High school in Kirkland, Washington, United States

Lake Washington High School (LWHS) is a four-year public high school in Kirkland, Washington, a suburb east of Seattle.

==History and facilities==
Lake Washington opened as Kirkland High School (also called Union “A” High
School) in 1922, the only high school in the area at the time. It was originally located northwest of downtown Kirkland at the site of Heritage Park.
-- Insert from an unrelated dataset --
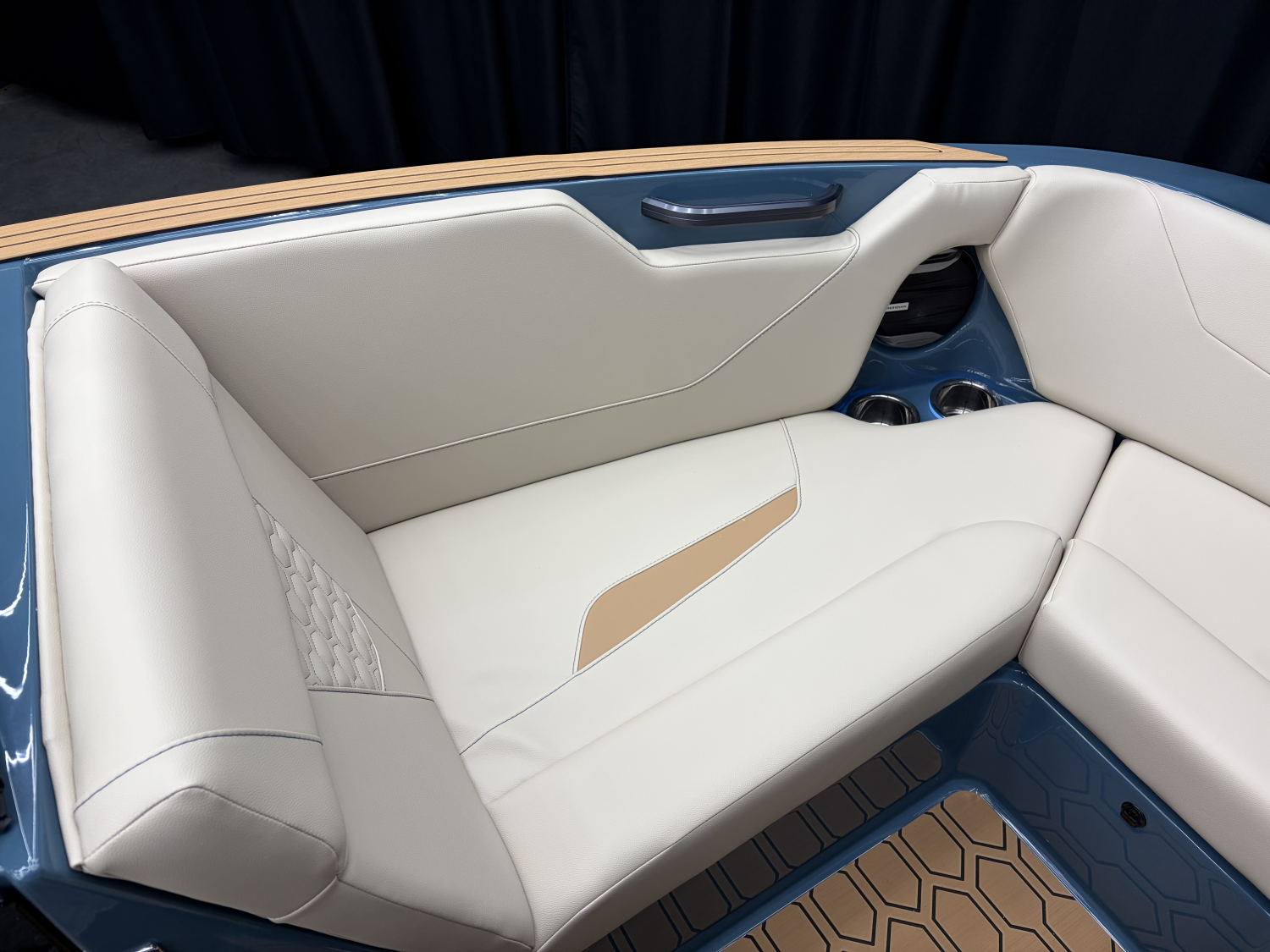 2027 MasterCraft NXT22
With the formation of the Lake Washington School District in 1944, the high school was given its present name. It moved to its present location in 1949, with doors opening in January 1950. The former building became the junior high and was later known as Terrace Hall; it burned in a spectacular fire in 1973.

It was a National Blue Ribbon School in 1984-1985.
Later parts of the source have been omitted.